Ma è stato anche pesantemente criticato per aver portato avanti una sanguinosa guerra nel vicino Yemen che ha causato una catastrofe umanitaria, per aver iniziato una disputa diplomatica con il Qatar che ha diviso il Consiglio di Cooperazione del Golfo, e per la repressione delle voci in disaccordo con la sua politica.

Ci sono state richieste per sostituirlo come principe ereditario dopo che il giornalista saudita Jamal Khashoggi, noto per sue posizioni critiche nei confronti di MBS, è stato ucciso da agenti sauditi nel consolato dell’Arabia Saudita di Istanbul nel 2018. Bin Salman, ha ovviamente negato qualsiasi coinvolgimento, ma l’omicidio ha comunque danneggiato gravemente la sua reputazione internazionale.
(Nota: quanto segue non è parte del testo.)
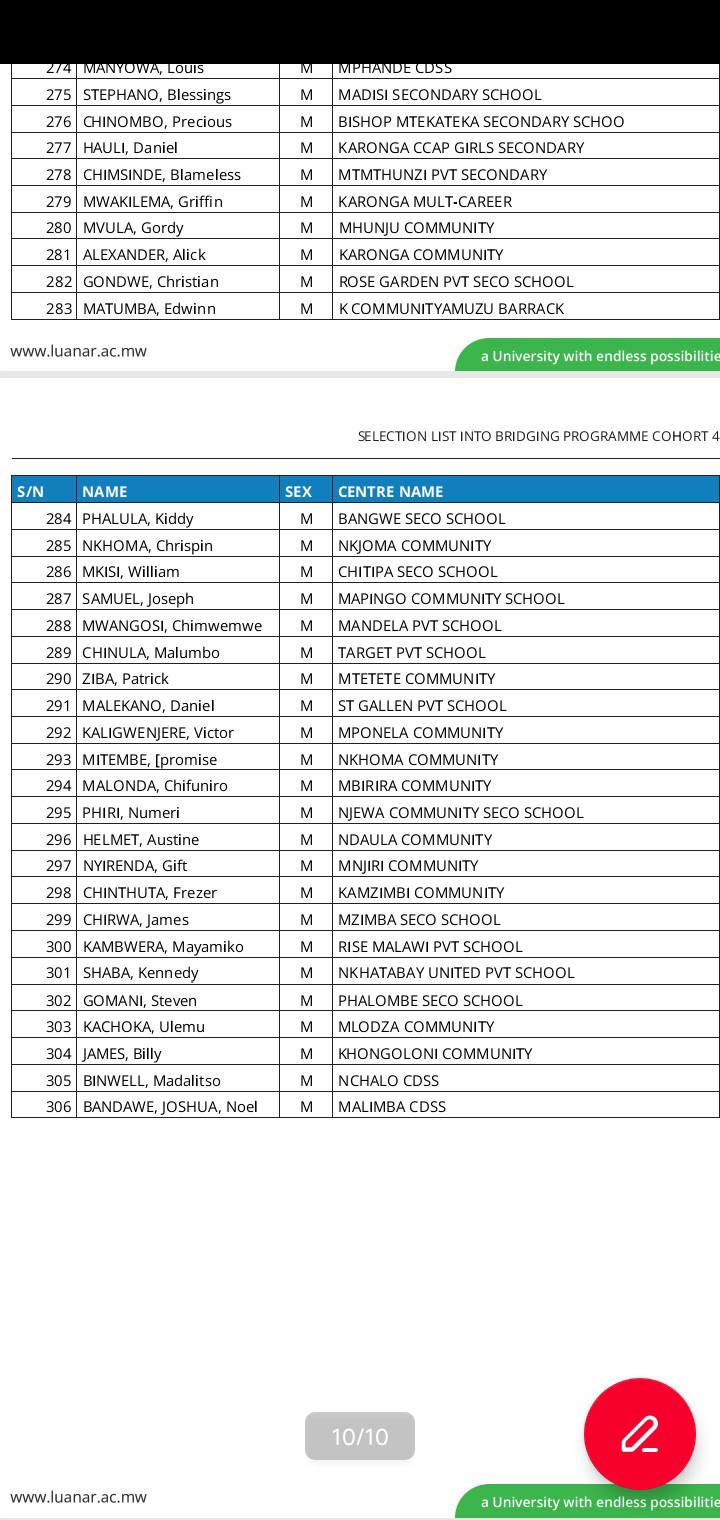 LUANAR Selection List Into Bridging Programme Cohort 4 And Commencement Date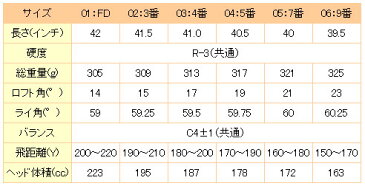 シャロップ　スーパーヤード＋15フェアウェイウッド【代引き手数料無料】【送料無料】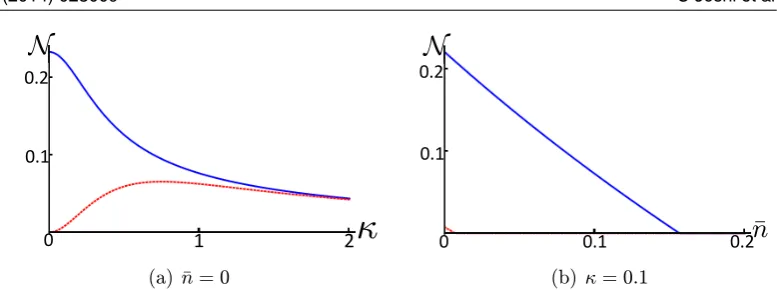 Figure 2. Steady state entanglement between the two mechanical modes in presence(solid) and absence (dashed) of an all-optical feedback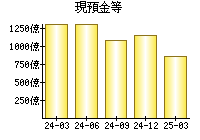 現預金等
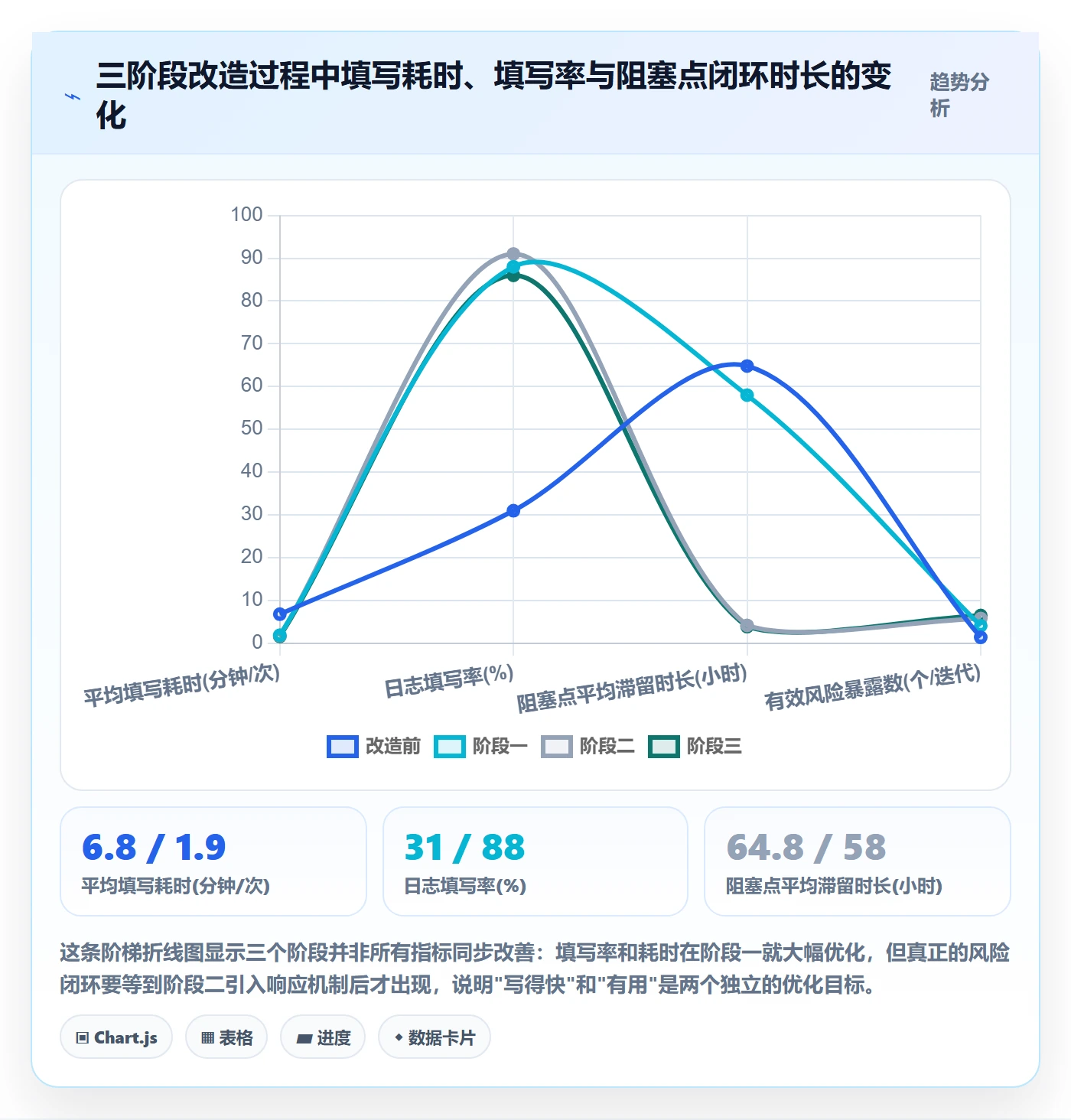 进度跟踪进度日志教程：项目成员效率提升，避坑指南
LE DUE FACCE DELL’ARABIA SAUDITA
Dietro alle riforme economiche e sociali di facciata, l’Arabia Saudita è ancora un regime autoritario che persegue giornalisti, dissidenti e critici e MBS è il sovrano assoluto del regno. Come ha scritto il giornalista della CNN Peter Bergen, è vero che Bin Salman ha fatto delle riforme, ma ha anche accentrato tutto il potere nelle sue mani alla maniera di Luigi XIV di Francia, autore della frase: “L’État, c’est moi”, ovvero “Lo stato sono io”.